Luigi Pirandello, Il fu Mattia Pascal
Il romanzo del celebre Luigi Pirandello narra le vicende di Mattia Pascal, bibliotecario comunale in un piccolo paese, chiamato Miragno.
Il padre di Mattia, durante la sua vita, aveva accumulato molte ricchezze con il gioco d’azzardo e così aveva potuto acquistare molte proprietà nel suo paese natale. Alla sua morte, avvenuta quando il protagonista era ancora un bambino, si scopre che ha lasciato in eredità tutta la sua fortuna ad un amico di famiglia, chiamato Malagna, e non al figlio. In seguito alla gestione sconsiderata del capitale da parte di questo ultimo, i soldi pian piano si esauriscono e Mattia, insieme a tutta la sua famiglia, si trovano, così, sommersi da debiti e costretti a vendere tutte le loro proprietà.

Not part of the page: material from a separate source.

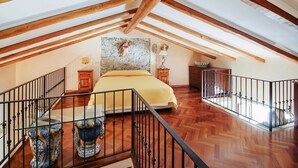 Un dormitorio en el ático con cama, vigas de madera, pared de piedra y una escalera.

Gli anni passano e Mattia cresce, si sposa e inizia una vita coniugale non molto felice, né per lui, né per la moglie Romilda e neppure per la suocera che vive con loro. Al termine di una delle ormai frequenti liti familiari, il protagonista decide di andarsene di casa per andare a tentare la fortuna a Montecarlo, dove si ferma diversi giorni. Al casinò vince una importante somma di denaro con cui potrebbe pagare tutti i debiti e risolvere, così, i suoi problemi. Sul treno, di ritorno a casa, si imbatte in un articolo di giornale che parla della sua presunta morte. I suoi familiari, non avendo sue notizie da tempo, ne avevano denunciato la scomparsa; rinvenuto un cadavere nel fiume del paese, le autorità avevano, per errore, attribuito al defunto, l’identità di Mattia Pascal. Ecco che si presenta l’occasione di cambiare vita, nome, città, e di vivere di rendita con i soldi vinti col gioco d’azzardo, senza legami col passato. Per un periodo, Mattia, che ha assunto ormai l’identità di Adriano Meis, è convinto che, essendosi liberato del suo passato, potrà sfuggire a tutti gli obblighi, raggiungendo una completa libertà. Inizialmente vaga di città in città, senza una meta precisa, ed infine decide di stabilirsi a Roma nella proprietà del signor Pelari, sperando di poter dare inizio ad una nuova esistenza. Col tempo si rende conto, però, che senza documenti, o comunque una identità reale, non può compiere azioni normali e quotidiane, come denunciare un furto o sposare la persona amata, non è libero in realtà di possedere neppure un cane. Non esistere per la società non rende liberi, piuttosto si tratta di una “morte civile” che impedisce di essere riconosciuti, e dunque, partecipi, del proprio tempo.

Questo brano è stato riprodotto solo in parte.